“I’ll have a tall half caf, leave room for cream, please,” Wendy said.
The barista, who had an exaggerated flip to her hair and an easy smile, nodded, then looked at Hakiam for his order.
He thought fast and said, “Nothing.”
The barista’s sunny smile didn’t lapse. She went to make Wendy’s order.
“Don’t you want a water, at least?” Wendy asked Hakiam.
He shook his head without meeting her eyes.
There was a couple of dollars and change in the tip cup—talk about courting robbery. That was something you’d never see down the other end of Lancaster Avenue. Everything that could be stolen was kept under lock and key.
The girl with the flip to her hair came back with Wendy’s drink. They headed for seats.
Wendy wasn’t a tall girl, but she had a long, slender back, which Hakiam enjoyed watching as he walked behind her. Since there were no more tables available, they took seats on the sofa by the window.
Wendy set her cup on the end table. “Funny, when you asked me for coffee, I was sure you were going to have some too.”
Hakiam gave a half grin and put a dollar and change back in his pocket.
Wendy took a sip and asked him, “Don’t you like coffee?”
“I’ve never done this before,” he said.
“You’ve never done what before?”
He looked at her hard for a good moment or two, then said, “Skip it.”
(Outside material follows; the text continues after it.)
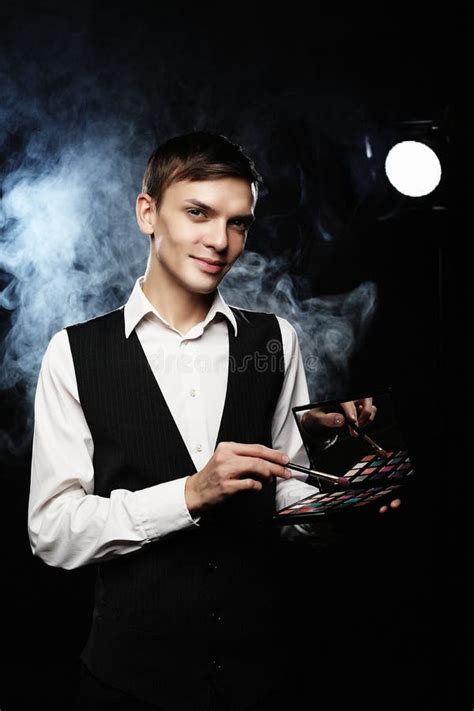 Professional Makeup Artist Posing In Studio Holds A Palette Of Shadows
She observed him for an equally long period of time and said, “I’m not sure what I’m supposed to be skipping.”
Silence.
More silence.
Wendy stirred her coffee.
More silence.
Hakiam looked outside. The coffee shop was on the corner of a busy intersection. The light had just changed and a mass of people trekked from one side of the street to the other. He peered back at Wendy with a blank, washed-out expression. This was an improvement, because he was doing his best to suppress the scowl that he customarily wore.
“So,” she said, “what’s your favorite movie?”
“Huh?”
“What’s—your—favorite—movie?” she said again, slowing down her words.
He still had no answer.
“Mine is Twelve Angry Men,” she said.
There was another pause. Then, she started carrying on a conversation with herself that went like this:
“What’s that about, Wendy?
“Well, I’m glad you asked me that, Hakiam. Twelve Angry Men is about a jury that believes it has an open-and-shut case. But one juror—Henry Fonda, he plays the architect—he thinks that the young person on trial for murder deserves at least some deliberation and votes not guilty.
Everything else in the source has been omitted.